Required action >>
Make an exact copy of the records below, leaving every image out.

Excerpted data >>
[Start of Attachment]

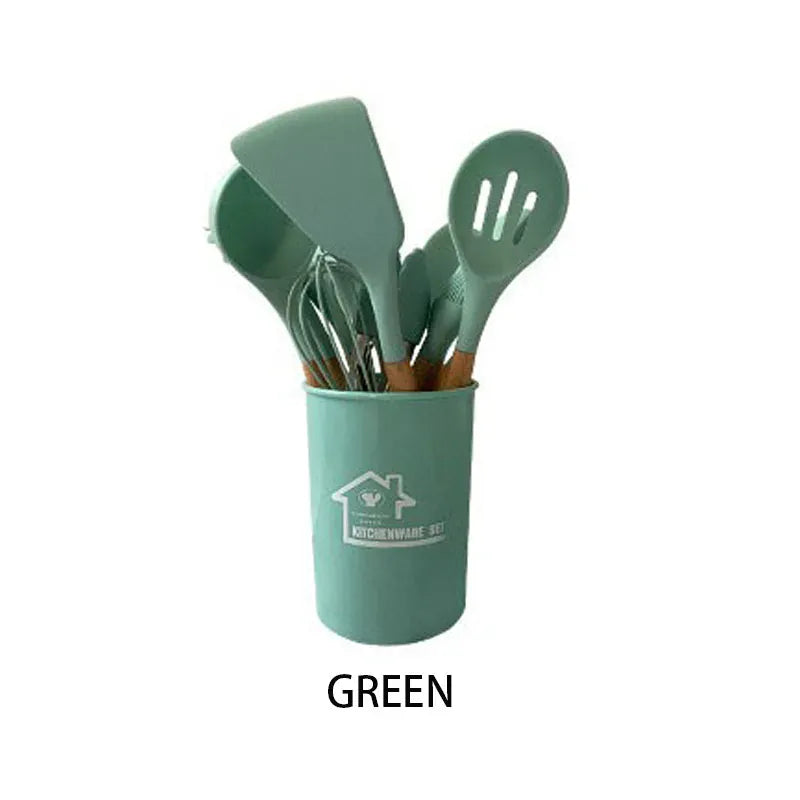 Set Ustensiles Silicone 12 pièces Cuisine | Résistants à la chaleur spatule en silicone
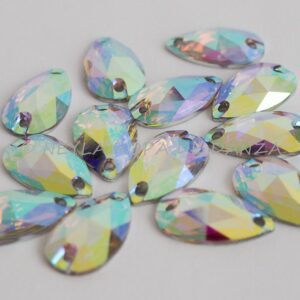 Pedrería Crystal Aurora Boreal con forma de Lágrima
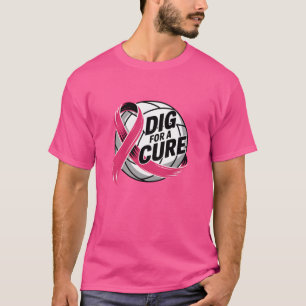 Camiseta Cancer De Voleibol Rosa Desenhe Para Uma Cura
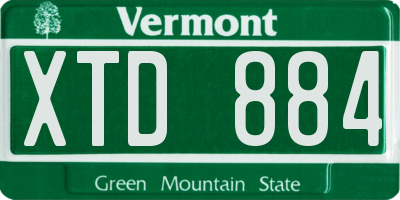 VT license plate XTD884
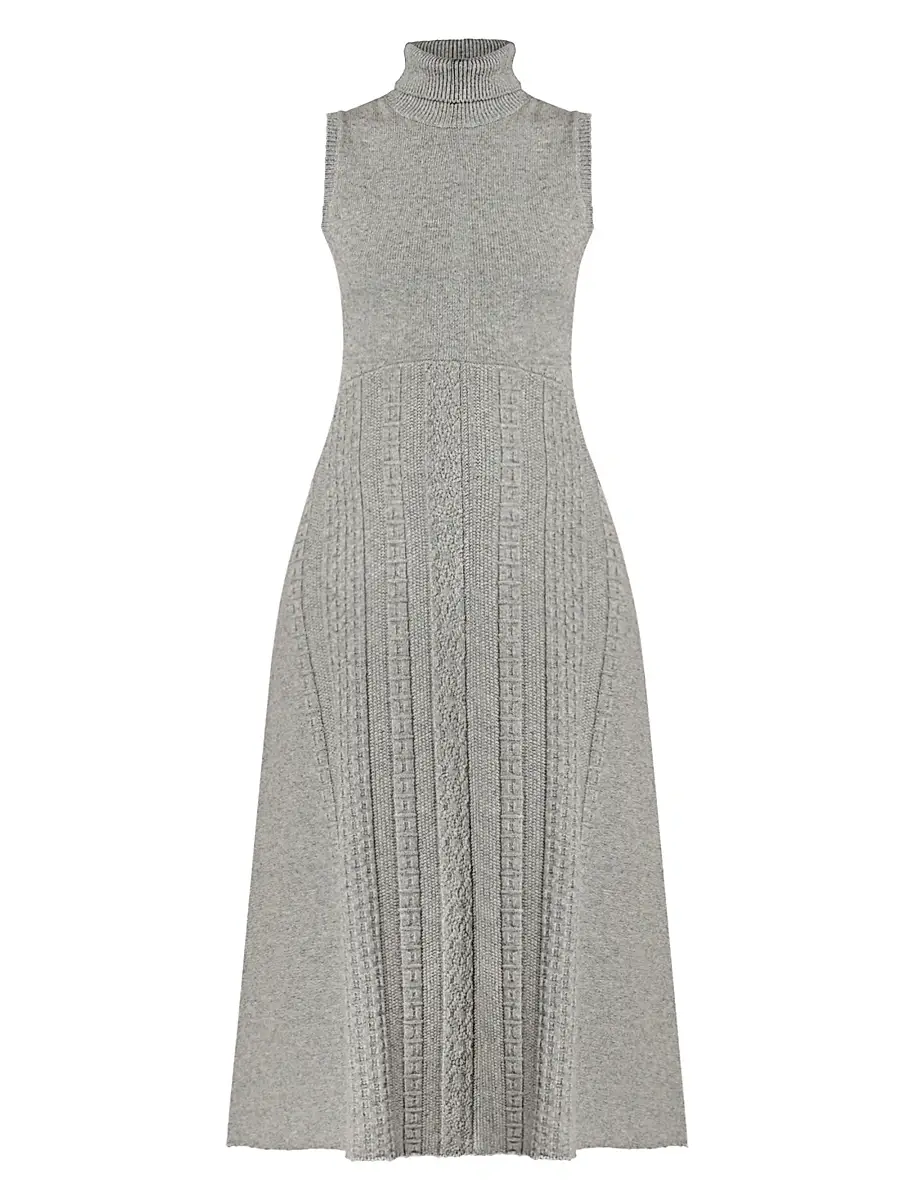 Shoshanna Women's Carmella Cotton-Wool Midi-Dress - Grey | Image 1 Shoshanna Women's Carmella Cotton-Wool Midi-Dress - Grey | Image 1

[End of Attachment]

Solution below >>
 Set Ustensiles Silicone 12 pièces Cuisine | Résistants à la chaleur spatule en silicone
 Pedrería Crystal Aurora Boreal con forma de Lágrima
 Camiseta Cancer De Voleibol Rosa Desenhe Para Uma Cura
 VT license plate XTD884
 Shoshanna Women's Carmella Cotton-Wool Midi-Dress - Grey | Image 1 Shoshanna Women's Carmella Cotton-Wool Midi-Dress - Grey | Image 1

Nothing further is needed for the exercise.